> **Task brief**
In your copy, include every line of the records exactly and no picture at all.

□ □ □ □ □ □ □

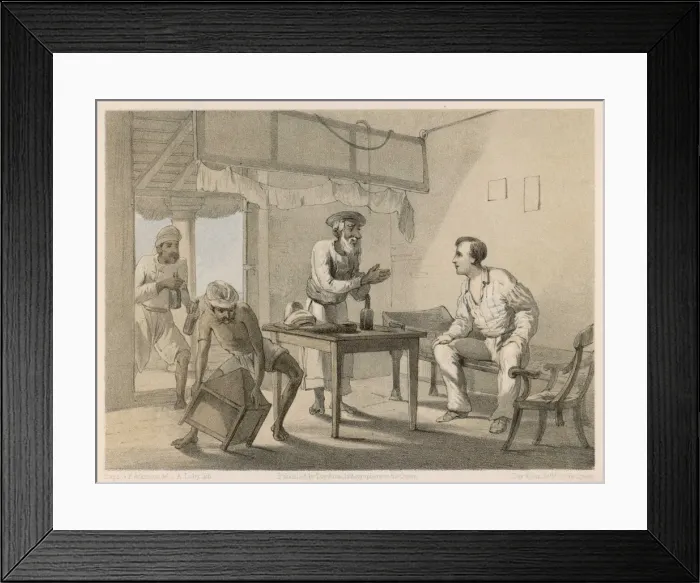 Framed Print : Curry&rice / Young Guest Framed Print : Curry&rice / Young Guest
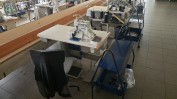 TOTALIDADE BENS MÓVEIS | DIVERSO MATERIAL E EQUIPAMENTO   PARA CONFECÇÃO -   BARCELOS E PÓVOA DE VARZIM 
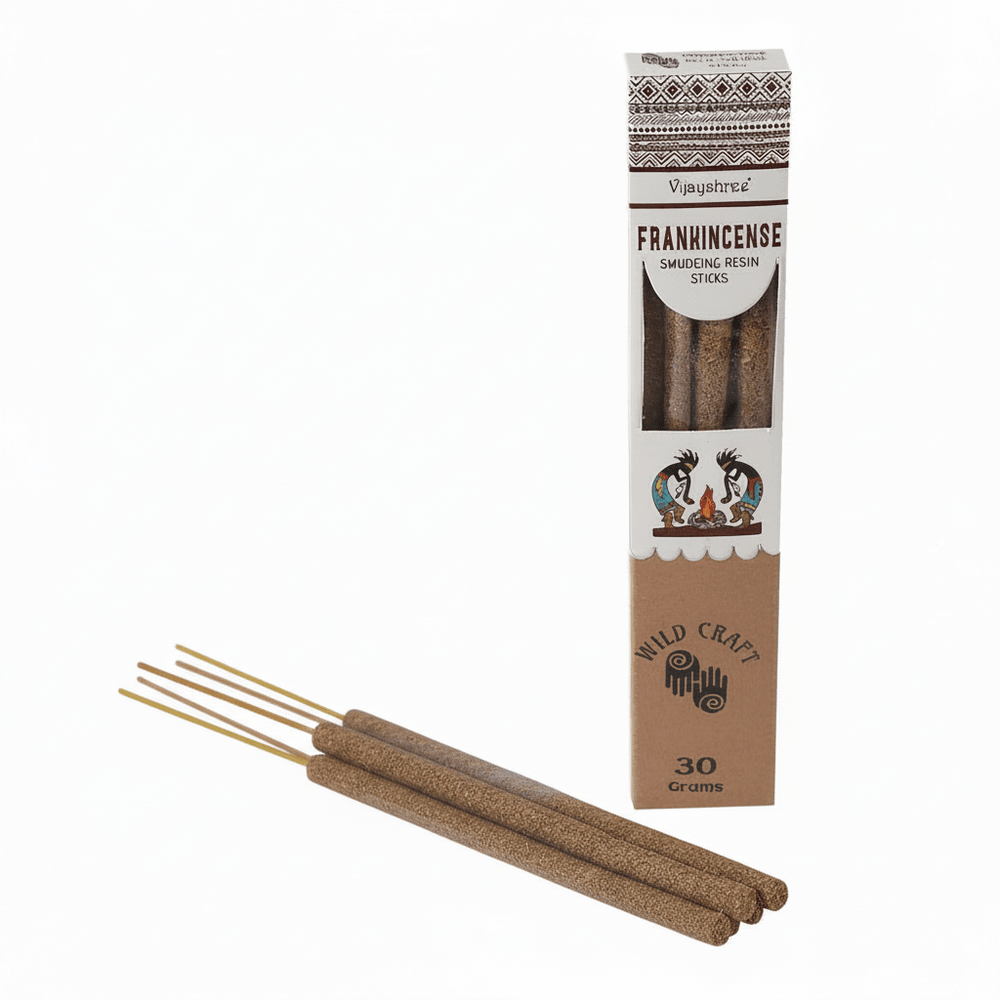 Weihrauch Räucherstäbchen aus Harz - Ritualmanufaktur.de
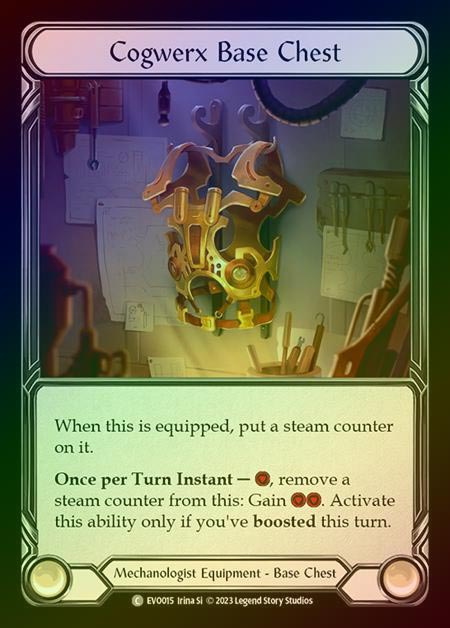 【CF】[Mechanologist] Cogwerx Base Chest [EVO015-C] Cold Foil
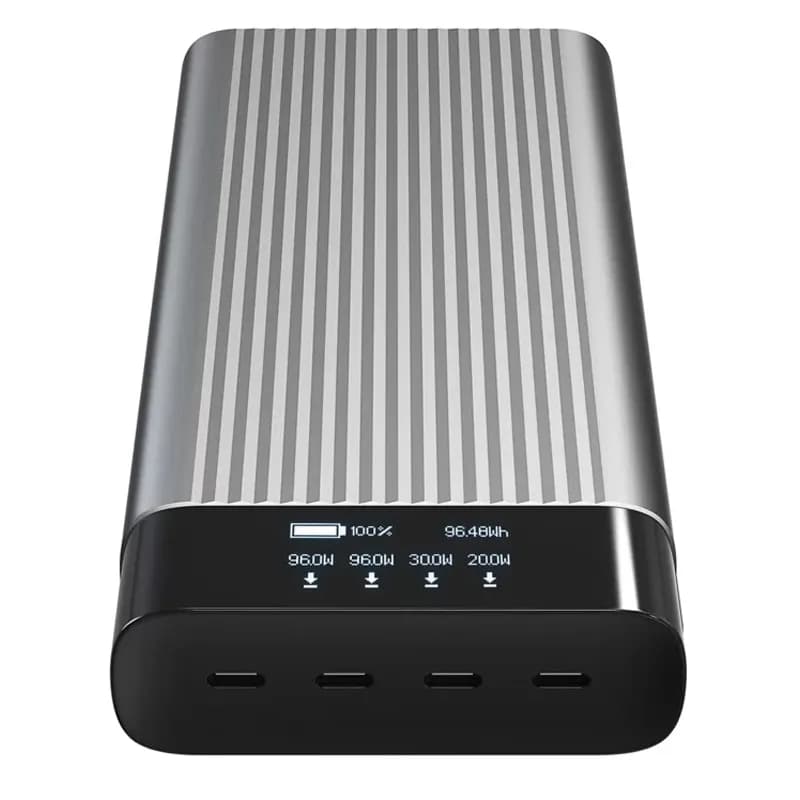 Pin sạc dự phòng 27000 mAh Type C PD 3.0 QC 4.0 245W HyperJuice HJ245B - Xám - Giá rẻ nhất hôm nay - Ảnh 13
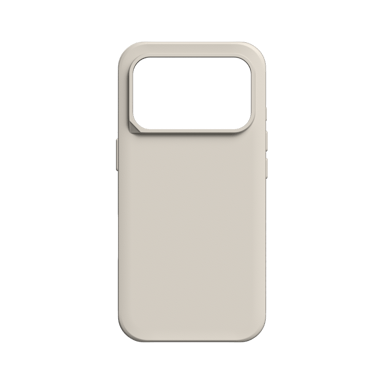 RhinoShield Cover per [iPhone 17 Pro]   SolidX – Cover rinforzata con Assorbimento degli Urti, Sottile e Minimalista, Protezione contro le Cadute agli Standard Militari - Beige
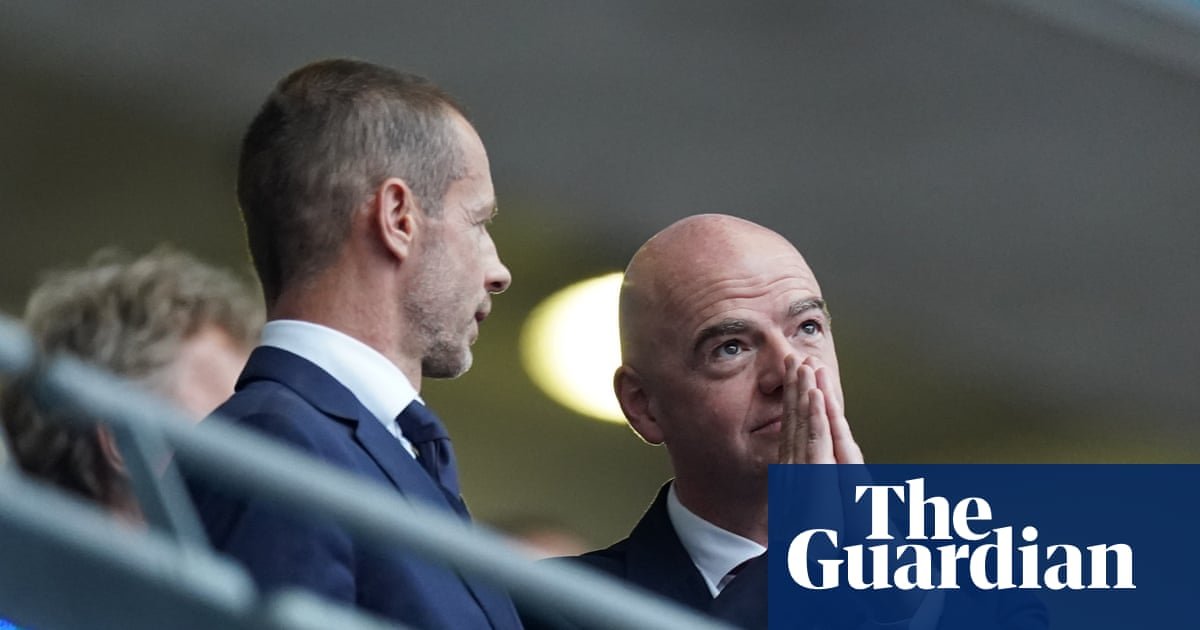 Uefa raises stakes with criminal complaint in battle to unseat Infantino | Matt Hughes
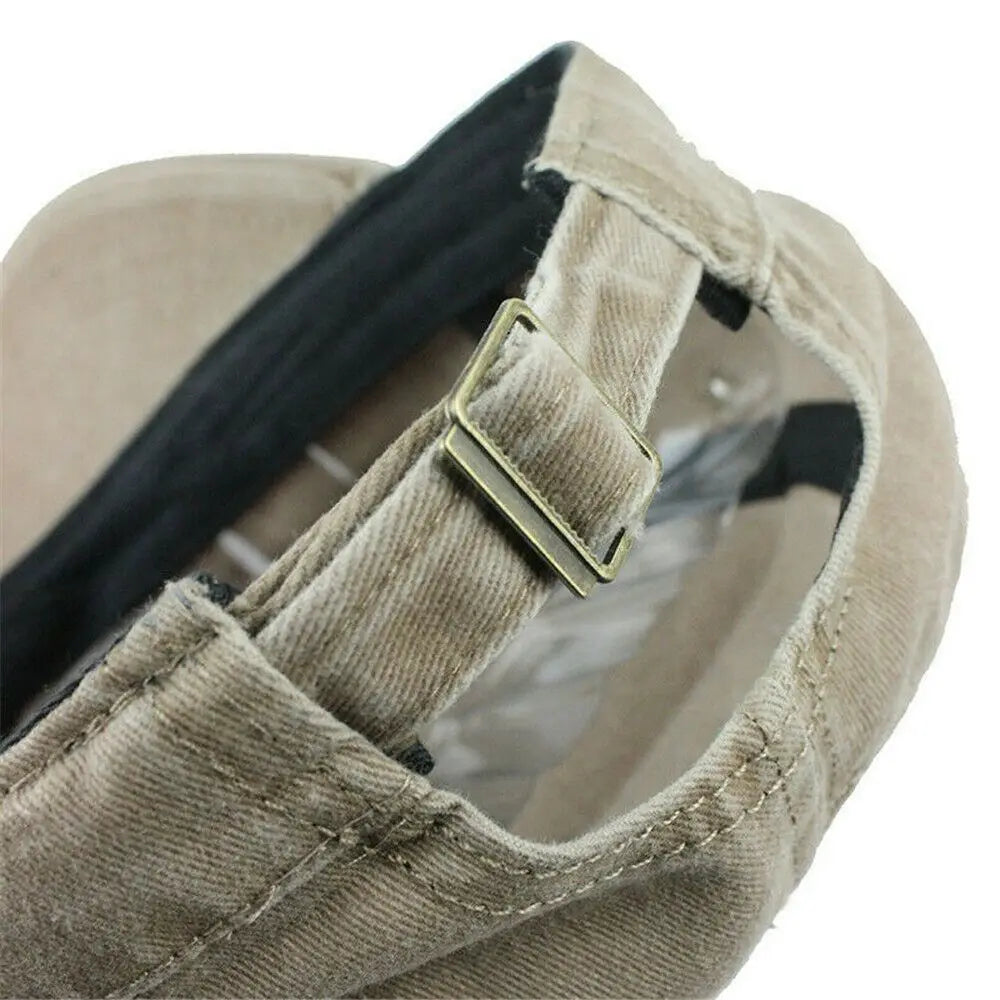 Wellington Cotton Newsboy Cap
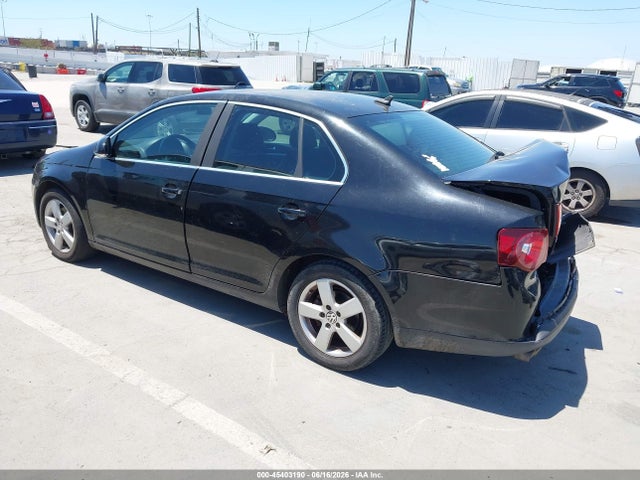 2008 Volkswagen Jetta Se/sel მანქანა იყიდება აუქციონზე, vin: 3VWRZ71K48M196827, აუქციონის ნომერი: 45403190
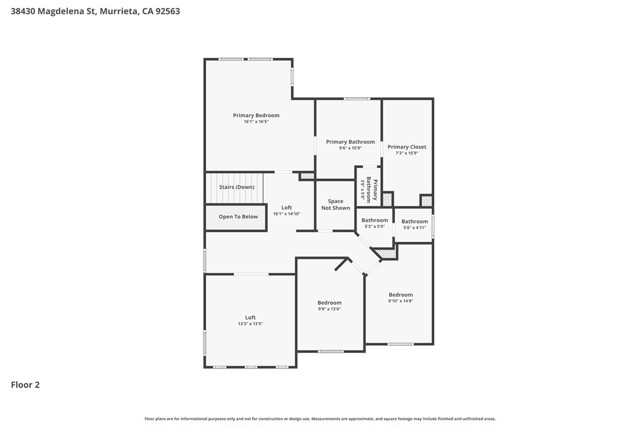 Detail Gallery Image 67 of 67 For 38430 Magdelena St, Murrieta,  CA 92563 - 3 Beds | 2/1 Baths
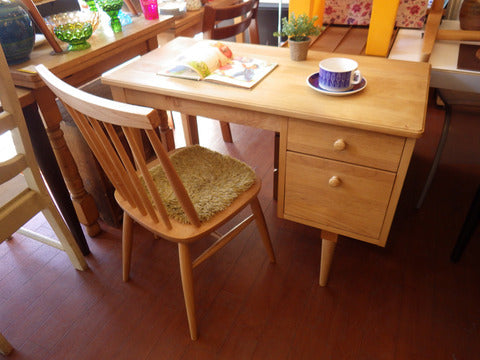 モモナチュラル COMO デスク ＆ MARE ST チェア　『 自然そのままを活かしたオイル仕上げと、温かい木の風合い☆ 』 【買取と販売とレンタルのお店】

□ □ □ □ □ □ □

> **Answer**
 Framed Print : Curry&rice / Young Guest Framed Print : Curry&rice / Young Guest
 TOTALIDADE BENS MÓVEIS | DIVERSO MATERIAL E EQUIPAMENTO   PARA CONFECÇÃO -   BARCELOS E PÓVOA DE VARZIM 
 Weihrauch Räucherstäbchen aus Harz - Ritualmanufaktur.de
 【CF】[Mechanologist] Cogwerx Base Chest [EVO015-C] Cold Foil
 Pin sạc dự phòng 27000 mAh Type C PD 3.0 QC 4.0 245W HyperJuice HJ245B - Xám - Giá rẻ nhất hôm nay - Ảnh 13
 RhinoShield Cover per [iPhone 17 Pro]   SolidX – Cover rinforzata con Assorbimento degli Urti, Sottile e Minimalista, Protezione contro le Cadute agli Standard Militari - Beige
 Uefa raises stakes with criminal complaint in battle to unseat Infantino | Matt Hughes
 Wellington Cotton Newsboy Cap
 2008 Volkswagen Jetta Se/sel მანქანა იყიდება აუქციონზე, vin: 3VWRZ71K48M196827, აუქციონის ნომერი: 45403190
 Detail Gallery Image 67 of 67 For 38430 Magdelena St, Murrieta,  CA 92563 - 3 Beds | 2/1 Baths
 モモナチュラル COMO デスク ＆ MARE ST チェア　『 自然そのままを活かしたオイル仕上げと、温かい木の風合い☆ 』 【買取と販売とレンタルのお店】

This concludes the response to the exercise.